Yet, the biggest challenge to acquiring accurate data is funding. Implementing energy-efficient technology or data collection software, or even investing in renewable energy sources can require significant upfront costs. This may be a barrier for many, particularly in the public sector where budgets are restricted. However, you can’t manage what you don’t measure. Data provides a clearer insight into combatting these challenges and can lead to a long-term return on investment (ROI). More importantly, it supports an organisation on its journey to net zero.

Set the heading for net zero

As one of the most powerful tools in the fight against climate change, the right data can allow businesses to gain valuable insights into their energy usage patterns, identify areas for improvement and track progress over time. One element for organisations across every sector to consider is how employees now work.

The shift in how we work has led to wasted resources and unnecessary carbon emissions in other areas, specifically office spaces. Therefore, implementing the right management data can allow firms to better understand their physical resources.
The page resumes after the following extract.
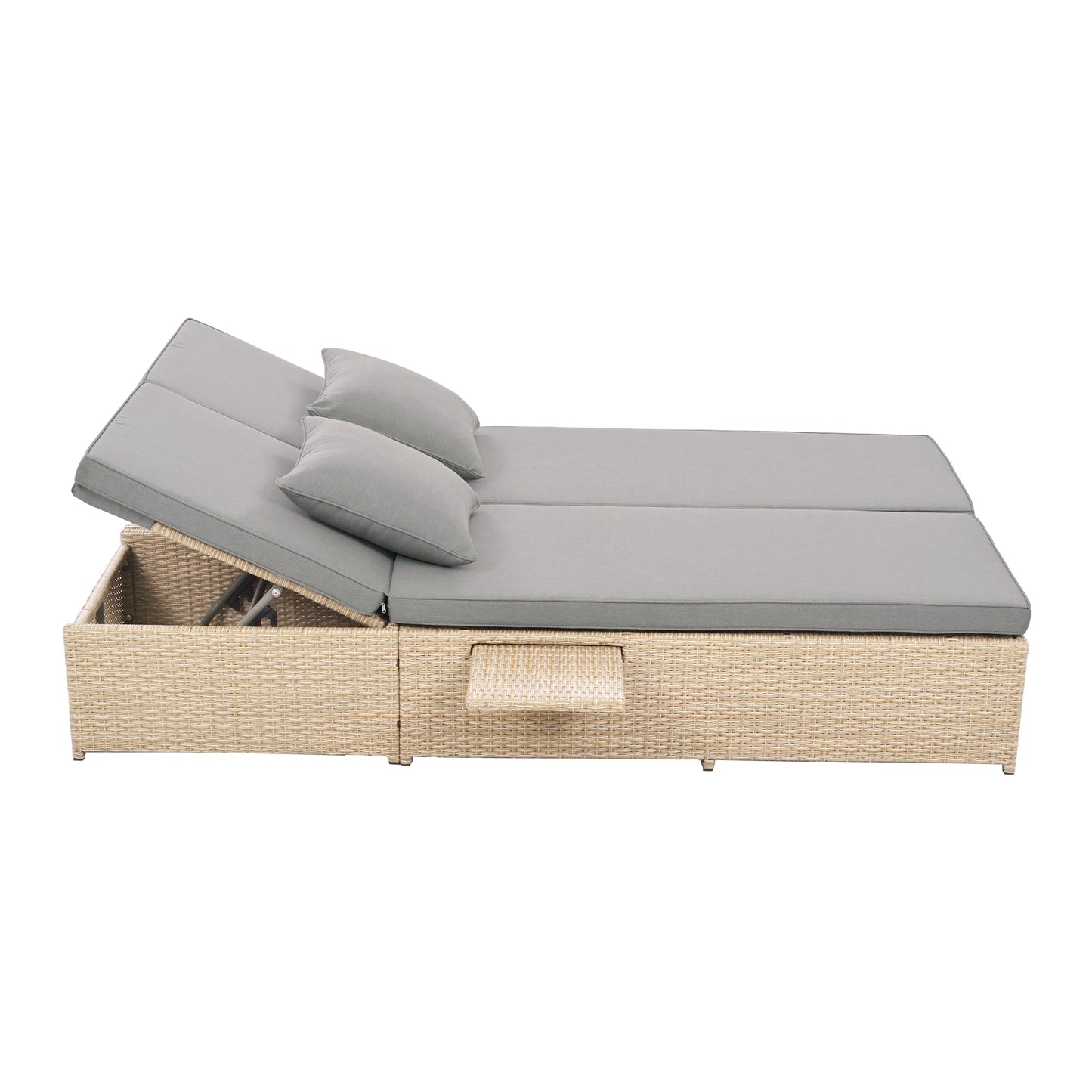 Outdoor Double Patio, Reclining Chairs, Adjustable Backrest Seat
For example, data might reveal certain areas of an office that are consistently overused or underused, indicating an opportunity to adjust the layout or occupancy to save energy and improve efficiency from a business perspective.
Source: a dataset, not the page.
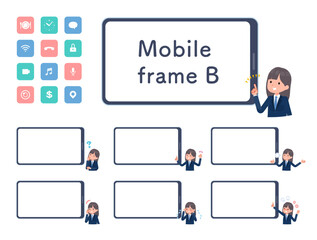 スマートフォンの画面と紺ブレザー女子学生のセット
Furthermore, saving money on reduced office space and equipment can free up investment for net zero initiatives, such as green leasing. Green leases serve as a means for decarbonising real estate and opens a more collaborative effort between landlords and tenants, all in support of achieving net zero.
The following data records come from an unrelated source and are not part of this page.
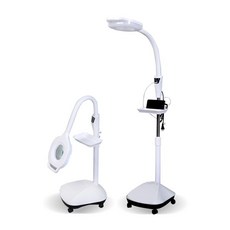 터치형 LED 확대경 코브라 입술 속눈썹 연장 반영구 문신 타투 화장 뷰티샵 스탠드 조명, 이동식 바퀴 X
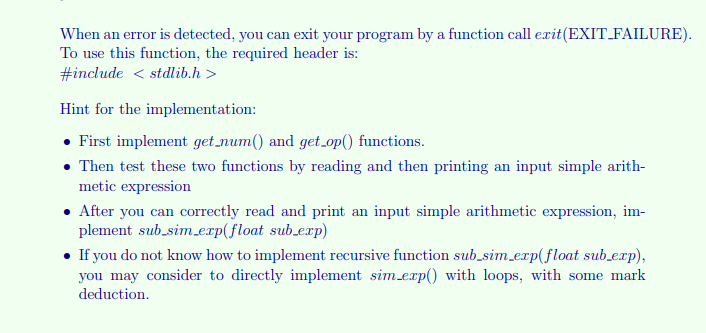 Solved When an error is detected, you can exit your program | Chegg.com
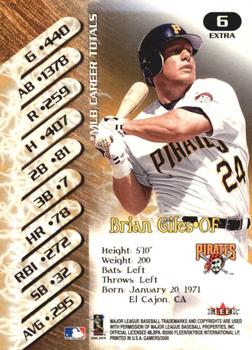 2000 Fleer Gamers - Extra #6 Brian Giles  Back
While reducing the size of office spaces can help organisations cut their carbon footprint, there is a catch. As more people work from home, the burden of emissions is shifted to their households instead. Individual staff behaviours are harder to measure and control, let alone enforce. Therefore, it’s crucial to instil a company culture of sustainability by setting policies and providing support to help workers reduce their environmental impact while working from home.

Unchartered territory

The term ‘net zero’ should inspire change towards a more efficient and cost-effective business model. Rather than considering net zero as a burden, business leaders should think of it as an opportunity to improve how they operate, decrease long-term costs and increase efficiency.

Now more than ever, data can be used to inform and drive business decisions to capitalise on climate action. However, achieving this will require a full-scale review of an organisation’s internal strategy that targets precisely where it can reduce emissions and eliminate waste.

With the application of data management systems, companies can take advantage of insights that not only align with their business objectives but also their net zero objectives, enabling them to better understand their environmental impact and forecast reduction scenarios accurately.

With governments around the world observing matters closely and the general public exerting mounting pressure, the sprint towards net zero is in full swing. Business leaders must now focus their efforts on this crucial goal before it slips out of reach.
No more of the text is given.